Как только все меха были разбазарены, индейцам волей-неволей пришлось прекратить пьянку и разойтись по своим охотничьим угодьям. Мы же сначала отправились с купцом к его дому, чтобы оставить там наши каноэ, а затем ушли вместе с Вау-це-гау-маиш-кумом на охоту в леса. Теперь мы слились как бы в единую семью, большую часть которой составляли потомки Вау-це-гау-маиш-кума, у которого было много детей.

[Холодная погода только что начиналась. Снег был еще не глубже одного фута, а мы уже чувствовали голод. Нам встретилась толпа лосей, и мы убили четырех в один день.

Вот как индийцы травят лосей. Спугнув с места, они преследуют их ровным шагом в течение нескольких часов.

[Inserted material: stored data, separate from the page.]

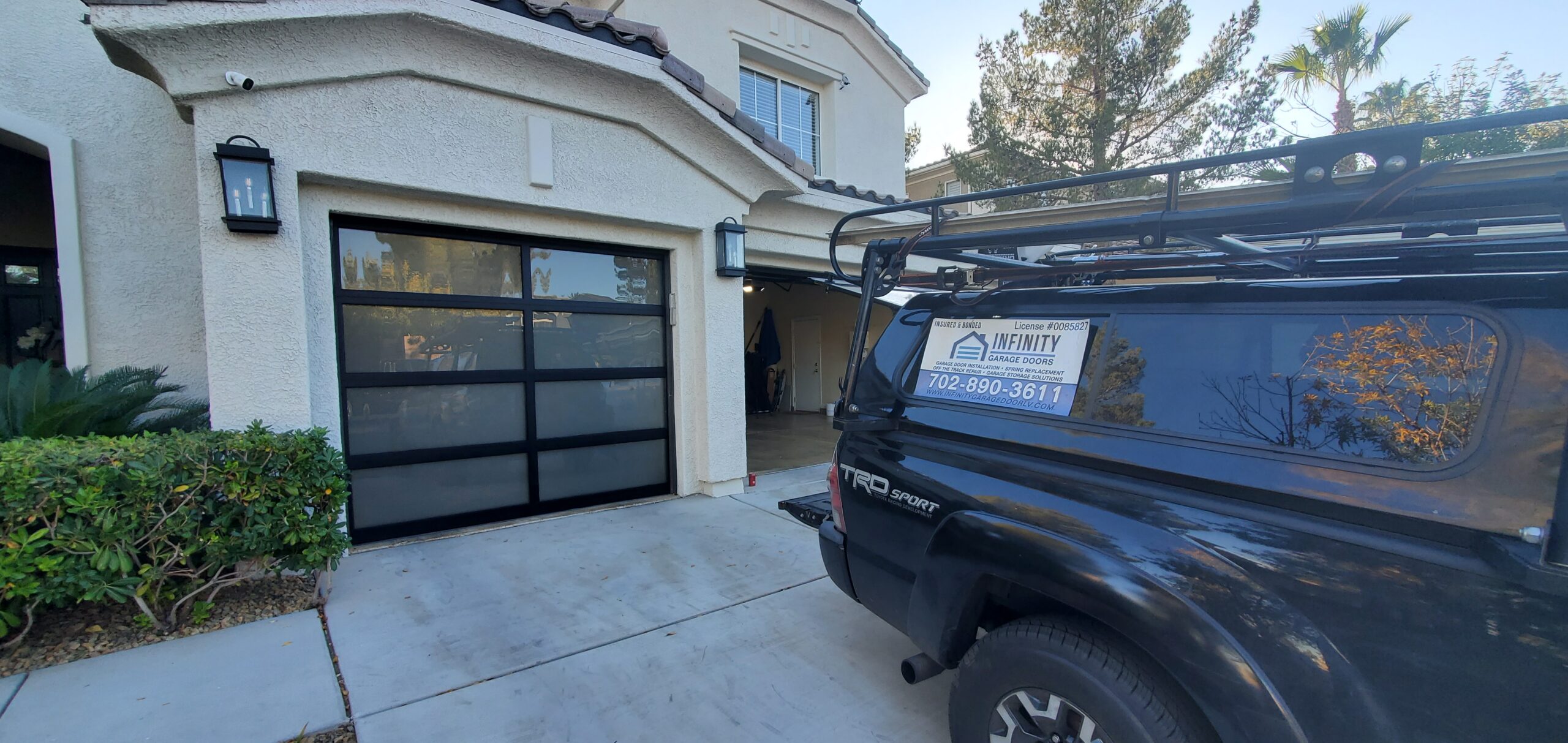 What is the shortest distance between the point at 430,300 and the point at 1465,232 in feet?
18.5

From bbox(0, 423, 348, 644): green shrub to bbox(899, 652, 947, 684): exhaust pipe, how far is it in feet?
10.4

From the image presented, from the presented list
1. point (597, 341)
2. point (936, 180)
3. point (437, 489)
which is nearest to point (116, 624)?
point (437, 489)

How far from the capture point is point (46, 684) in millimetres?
2691

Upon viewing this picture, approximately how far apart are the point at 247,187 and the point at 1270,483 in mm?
5023

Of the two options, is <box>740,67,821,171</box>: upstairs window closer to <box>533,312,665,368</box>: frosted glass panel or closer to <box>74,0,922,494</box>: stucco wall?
<box>74,0,922,494</box>: stucco wall

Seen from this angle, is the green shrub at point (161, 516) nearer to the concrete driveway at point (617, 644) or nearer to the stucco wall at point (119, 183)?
the concrete driveway at point (617, 644)

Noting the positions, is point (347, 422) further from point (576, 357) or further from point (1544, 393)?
point (1544, 393)

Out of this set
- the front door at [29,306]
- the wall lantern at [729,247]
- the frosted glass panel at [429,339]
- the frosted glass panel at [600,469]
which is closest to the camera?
the frosted glass panel at [429,339]

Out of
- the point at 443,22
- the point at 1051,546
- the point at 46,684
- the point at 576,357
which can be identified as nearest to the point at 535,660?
the point at 46,684

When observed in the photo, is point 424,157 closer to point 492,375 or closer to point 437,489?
point 492,375

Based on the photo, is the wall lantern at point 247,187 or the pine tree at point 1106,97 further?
the pine tree at point 1106,97

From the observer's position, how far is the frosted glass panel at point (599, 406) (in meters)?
5.15

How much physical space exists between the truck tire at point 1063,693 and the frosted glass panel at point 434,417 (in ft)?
13.4

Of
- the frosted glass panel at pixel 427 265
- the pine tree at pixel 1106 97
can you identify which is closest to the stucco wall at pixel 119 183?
the frosted glass panel at pixel 427 265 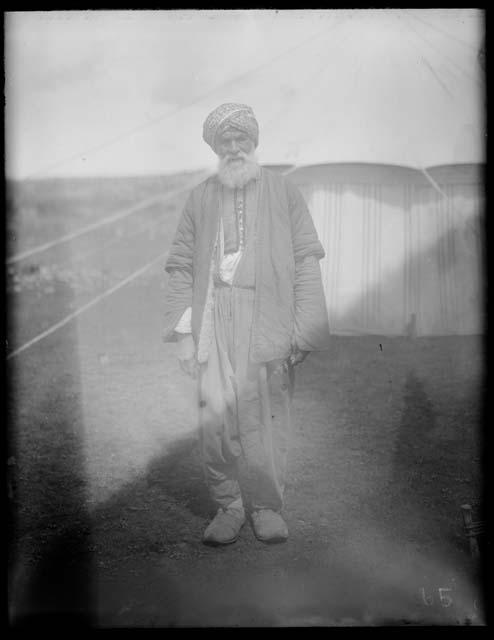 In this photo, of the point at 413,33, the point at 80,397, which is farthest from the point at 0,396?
the point at 413,33

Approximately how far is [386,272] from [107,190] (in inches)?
142

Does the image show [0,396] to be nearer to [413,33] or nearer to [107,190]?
[413,33]

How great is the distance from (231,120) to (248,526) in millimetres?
1749

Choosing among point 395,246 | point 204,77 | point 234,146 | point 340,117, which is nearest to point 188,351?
point 234,146

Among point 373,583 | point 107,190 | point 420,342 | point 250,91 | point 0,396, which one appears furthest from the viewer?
point 107,190

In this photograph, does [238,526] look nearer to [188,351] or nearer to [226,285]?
[188,351]

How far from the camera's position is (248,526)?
2.45 m

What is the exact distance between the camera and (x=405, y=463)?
2988 millimetres

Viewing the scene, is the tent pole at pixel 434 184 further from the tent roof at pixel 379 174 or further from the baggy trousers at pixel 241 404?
the baggy trousers at pixel 241 404

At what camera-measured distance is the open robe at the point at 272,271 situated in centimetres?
228

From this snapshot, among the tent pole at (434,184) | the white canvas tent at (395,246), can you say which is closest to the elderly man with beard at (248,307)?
the white canvas tent at (395,246)

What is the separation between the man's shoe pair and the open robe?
2.28 feet

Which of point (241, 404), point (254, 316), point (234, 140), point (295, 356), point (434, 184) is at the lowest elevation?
point (241, 404)

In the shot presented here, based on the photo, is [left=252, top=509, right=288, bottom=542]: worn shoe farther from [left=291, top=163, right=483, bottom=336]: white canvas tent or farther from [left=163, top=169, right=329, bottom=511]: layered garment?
[left=291, top=163, right=483, bottom=336]: white canvas tent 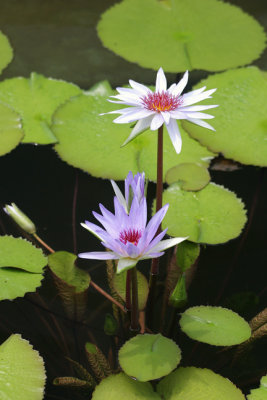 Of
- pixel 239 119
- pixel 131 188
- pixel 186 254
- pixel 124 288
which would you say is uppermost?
pixel 131 188

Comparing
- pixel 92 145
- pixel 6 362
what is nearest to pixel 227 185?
pixel 92 145

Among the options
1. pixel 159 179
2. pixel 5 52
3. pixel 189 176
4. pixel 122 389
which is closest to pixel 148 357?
pixel 122 389

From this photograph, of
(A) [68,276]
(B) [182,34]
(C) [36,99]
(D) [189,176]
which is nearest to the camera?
(A) [68,276]

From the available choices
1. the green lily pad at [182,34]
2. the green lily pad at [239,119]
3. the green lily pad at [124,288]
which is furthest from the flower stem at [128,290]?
the green lily pad at [182,34]

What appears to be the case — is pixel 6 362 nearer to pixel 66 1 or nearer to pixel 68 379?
pixel 68 379

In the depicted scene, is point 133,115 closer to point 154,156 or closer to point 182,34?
point 154,156

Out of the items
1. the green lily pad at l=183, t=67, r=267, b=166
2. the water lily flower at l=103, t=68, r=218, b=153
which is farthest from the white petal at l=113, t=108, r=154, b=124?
the green lily pad at l=183, t=67, r=267, b=166

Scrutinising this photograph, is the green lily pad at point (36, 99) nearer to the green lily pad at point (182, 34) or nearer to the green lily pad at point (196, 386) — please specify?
the green lily pad at point (182, 34) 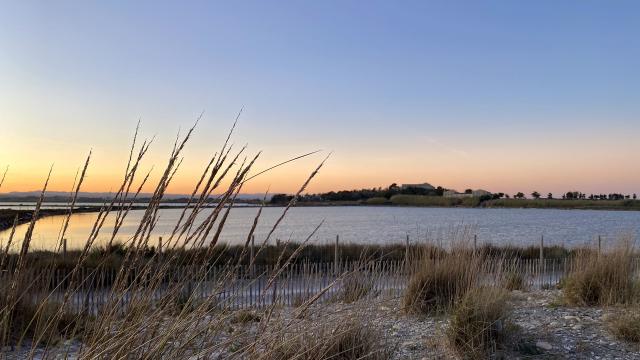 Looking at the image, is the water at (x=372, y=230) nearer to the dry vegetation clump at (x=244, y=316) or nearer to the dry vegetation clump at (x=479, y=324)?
the dry vegetation clump at (x=244, y=316)

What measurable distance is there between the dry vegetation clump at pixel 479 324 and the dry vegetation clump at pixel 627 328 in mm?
1210

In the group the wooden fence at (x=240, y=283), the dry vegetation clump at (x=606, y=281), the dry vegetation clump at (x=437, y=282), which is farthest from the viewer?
the dry vegetation clump at (x=606, y=281)

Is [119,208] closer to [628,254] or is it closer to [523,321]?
[523,321]

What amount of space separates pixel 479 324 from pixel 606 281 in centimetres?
305

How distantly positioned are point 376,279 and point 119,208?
353 cm

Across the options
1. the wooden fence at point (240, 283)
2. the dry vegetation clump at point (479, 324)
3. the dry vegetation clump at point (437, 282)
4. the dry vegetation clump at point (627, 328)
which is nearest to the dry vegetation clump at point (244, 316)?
the wooden fence at point (240, 283)

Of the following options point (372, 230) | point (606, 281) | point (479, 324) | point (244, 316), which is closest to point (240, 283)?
point (244, 316)

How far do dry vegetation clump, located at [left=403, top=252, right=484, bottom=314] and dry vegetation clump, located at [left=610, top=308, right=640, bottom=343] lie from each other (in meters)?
1.57

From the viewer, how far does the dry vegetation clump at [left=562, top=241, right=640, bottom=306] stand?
6984 millimetres

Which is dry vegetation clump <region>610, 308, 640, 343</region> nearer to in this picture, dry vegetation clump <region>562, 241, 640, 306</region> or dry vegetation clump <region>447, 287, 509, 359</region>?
dry vegetation clump <region>447, 287, 509, 359</region>

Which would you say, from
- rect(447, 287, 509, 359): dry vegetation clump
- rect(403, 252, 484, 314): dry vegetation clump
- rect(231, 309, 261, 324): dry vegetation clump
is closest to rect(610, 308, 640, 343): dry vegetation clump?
rect(447, 287, 509, 359): dry vegetation clump

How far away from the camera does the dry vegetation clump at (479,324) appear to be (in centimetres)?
500

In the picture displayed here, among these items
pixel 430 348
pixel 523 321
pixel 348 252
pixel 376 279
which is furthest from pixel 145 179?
pixel 348 252

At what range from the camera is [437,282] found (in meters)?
7.00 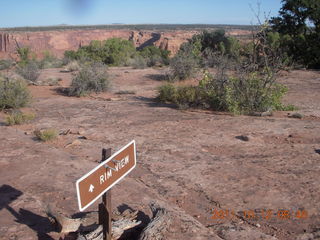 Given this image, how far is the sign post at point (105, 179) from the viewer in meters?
2.29

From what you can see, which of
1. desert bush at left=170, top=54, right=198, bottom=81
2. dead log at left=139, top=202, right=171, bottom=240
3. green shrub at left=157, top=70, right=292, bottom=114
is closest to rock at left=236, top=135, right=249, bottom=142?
green shrub at left=157, top=70, right=292, bottom=114

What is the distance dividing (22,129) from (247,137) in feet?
16.6

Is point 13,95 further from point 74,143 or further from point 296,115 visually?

Испуганные звери сгоряча опережают их на несколько миль; но индийцы, следуя за ними все тем же шагом, наконец настигают их; толпа лосей, завидя их, бежит с новым усилием и исчезает опять на час или на два. Охотники начинают открывать их скорее и скорее, и лоси все долее и долее остаются в их виду; наконец охотники уж ни на минуту не теряют их из глаз. Усталые лоси бегут тихой рысью; вскоре идут шагом. Тогда и охотники находятся почти в совершенном изнеможении. Однако ж они обыкновенно могут еще дать залп из ружей по стаду лосей; но выстрелы придают зверям новую силу; а охотники, ежели снег не глубок, редко имеют дух и возможность выстрелить более одного или двух раз. В продолжительном бегстве лось не легко высвобождает копыто свое; в глубоких снегах его достигнуть легко. Есть индийцы, которые могут преследовать лосей по степи и бесснежной; но таких мало. ] Однако болотный лось и бизон резвее обычного лося, и едва ли найдется охотник, который может загнать их пешим.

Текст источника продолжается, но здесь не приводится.